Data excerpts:
***
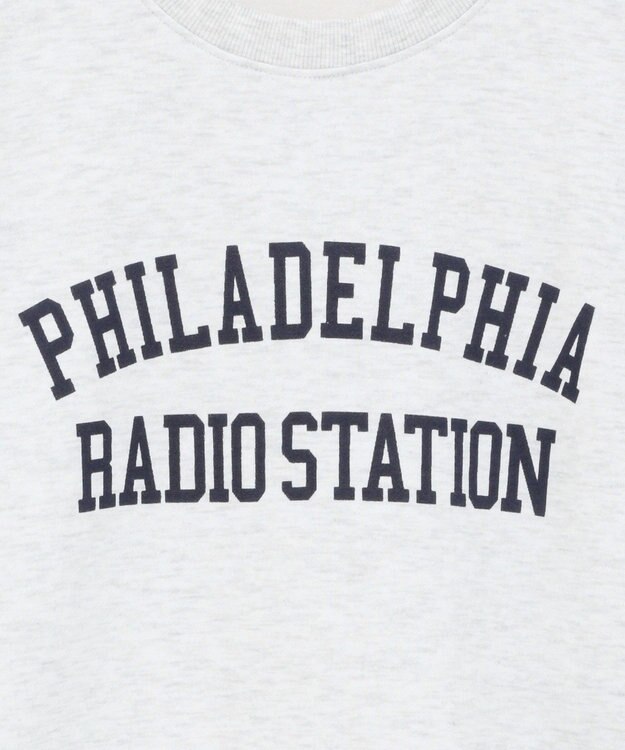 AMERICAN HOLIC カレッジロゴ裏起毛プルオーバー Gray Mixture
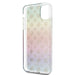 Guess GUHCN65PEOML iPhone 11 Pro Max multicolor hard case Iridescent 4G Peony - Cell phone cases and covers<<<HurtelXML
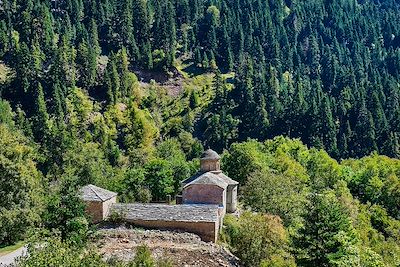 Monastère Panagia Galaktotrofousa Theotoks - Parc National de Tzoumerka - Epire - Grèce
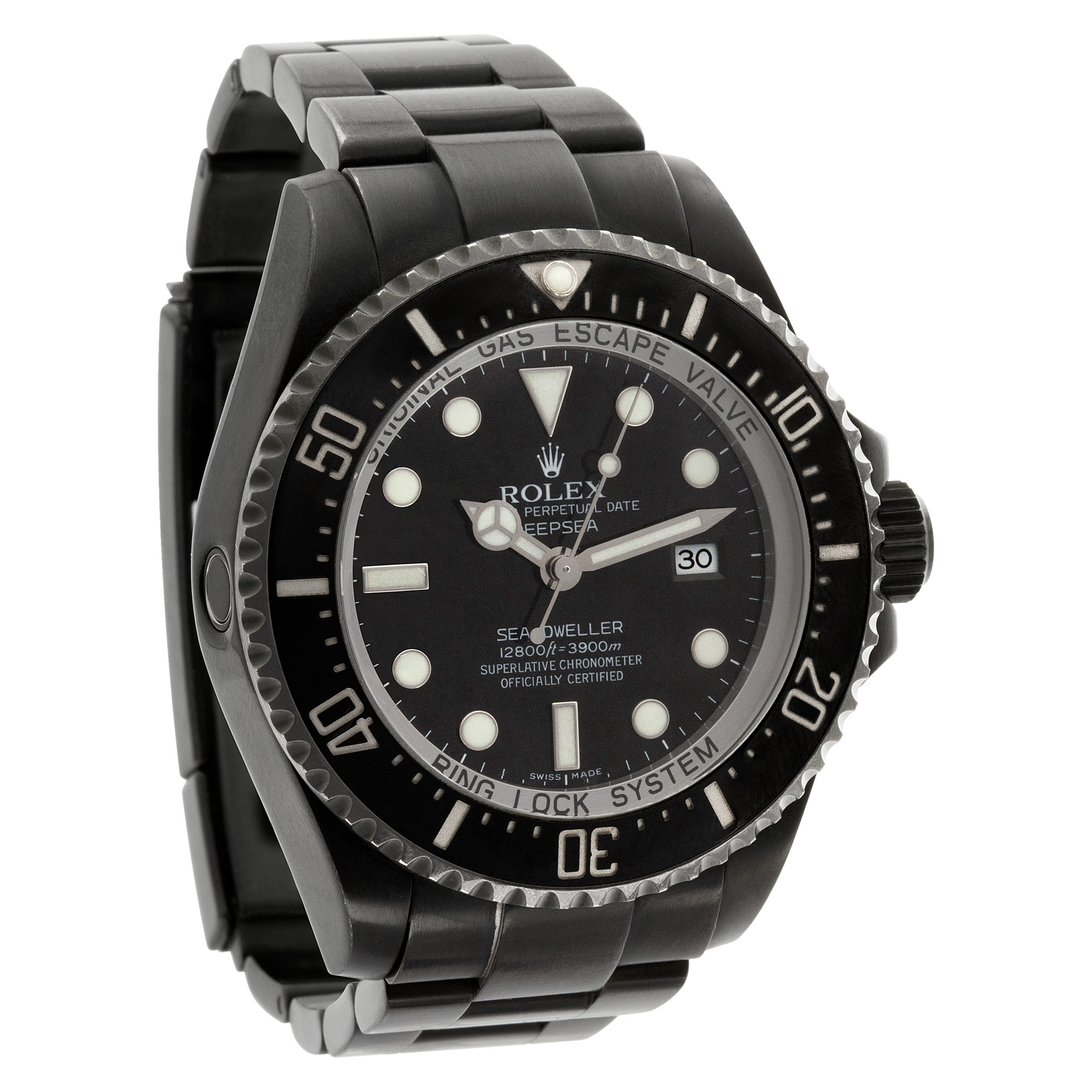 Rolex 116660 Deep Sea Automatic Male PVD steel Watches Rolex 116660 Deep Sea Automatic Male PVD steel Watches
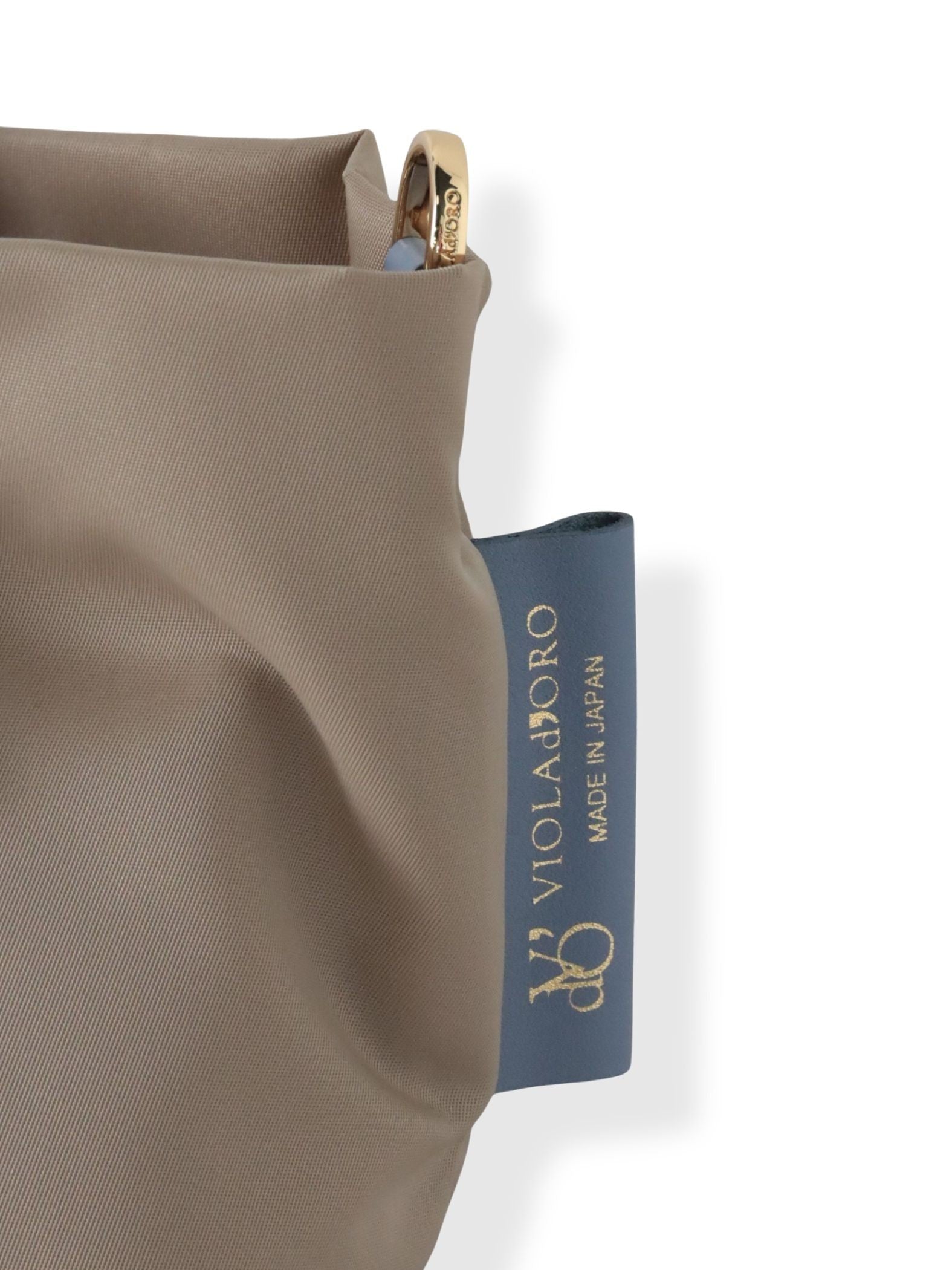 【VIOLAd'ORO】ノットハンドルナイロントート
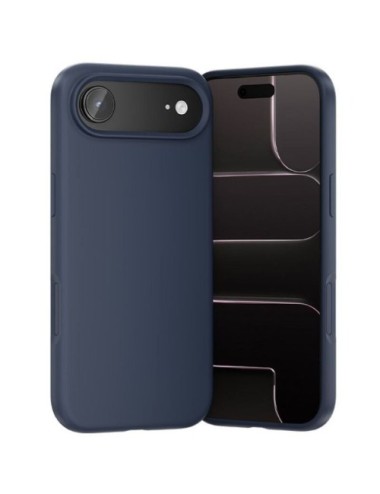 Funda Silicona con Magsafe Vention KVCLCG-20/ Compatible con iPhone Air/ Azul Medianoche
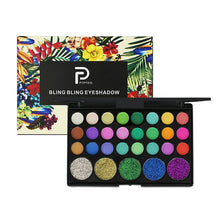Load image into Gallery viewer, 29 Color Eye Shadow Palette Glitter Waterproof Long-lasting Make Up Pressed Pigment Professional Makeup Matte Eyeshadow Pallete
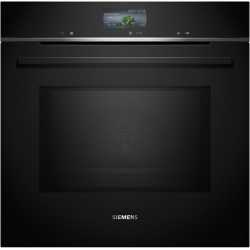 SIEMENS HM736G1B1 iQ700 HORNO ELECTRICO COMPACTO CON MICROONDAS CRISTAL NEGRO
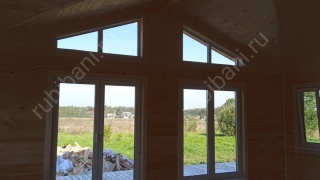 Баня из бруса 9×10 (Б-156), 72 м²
***
WHAT NEEDS TO BE DONE: When you reproduce the data shown above, keep each line exact and omit every picture.

SOLUTION TO THE EXERCISE:
 AMERICAN HOLIC カレッジロゴ裏起毛プルオーバー Gray Mixture
 Guess GUHCN65PEOML iPhone 11 Pro Max multicolor hard case Iridescent 4G Peony - Cell phone cases and covers<<<HurtelXML
 Monastère Panagia Galaktotrofousa Theotoks - Parc National de Tzoumerka - Epire - Grèce
 Rolex 116660 Deep Sea Automatic Male PVD steel Watches Rolex 116660 Deep Sea Automatic Male PVD steel Watches
 【VIOLAd'ORO】ノットハンドルナイロントート
 Funda Silicona con Magsafe Vention KVCLCG-20/ Compatible con iPhone Air/ Azul Medianoche
Load image into Gallery viewer, 29 Color Eye Shadow Palette Glitter Waterproof Long-lasting Make Up Pressed Pigment Professional Makeup Matte Eyeshadow Pallete
 SIEMENS HM736G1B1 iQ700 HORNO ELECTRICO COMPACTO CON MICROONDAS CRISTAL NEGRO
 Баня из бруса 9×10 (Б-156), 72 м²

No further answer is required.